PROBLEM STATEMENT => Only the lines below from the one containing "New Oversized Black Sectional Must Go" through the last line should be set down, exactly as written and with no pictures.

Stored items from a collection =>

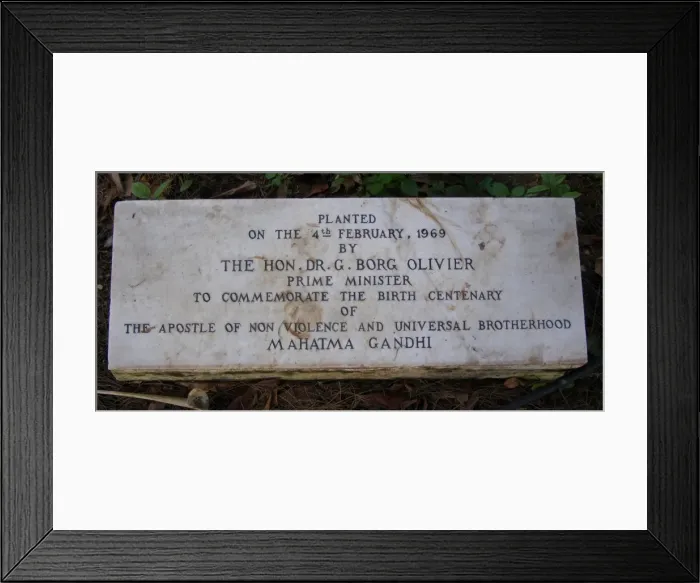 Framed Print : Plaque to commemorate the 100th Anniversary of Gandhis Birt Framed Print : Plaque to commemorate the 100th Anniversary of Gandhis Birt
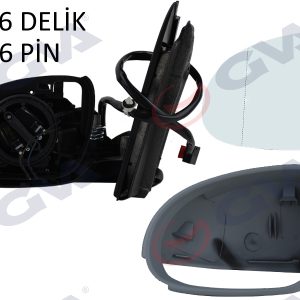 DIŞ DİKİZ AYNASI SOL GOLF 03 ELEKTRİKLİ ISITMALI SİNYALLİ ASTARLI ASFERİK 6 FİŞ VM-197EHPAL
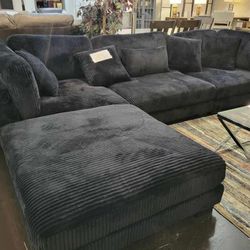 New Oversized Black Sectional Must Go 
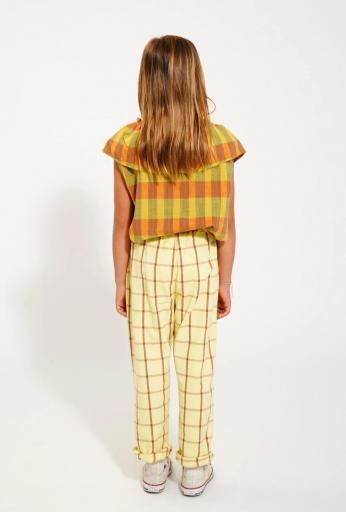 Piupiuchick,sleeveless blouse w/ collar | mustard checkered [3]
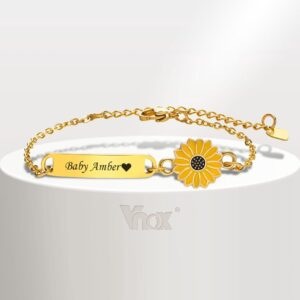 Pulseira Infantil Personalizada com Nome e Girassol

TASK SOLUTION =>
 New Oversized Black Sectional Must Go 
 Piupiuchick,sleeveless blouse w/ collar | mustard checkered [3]
 Pulseira Infantil Personalizada com Nome e Girassol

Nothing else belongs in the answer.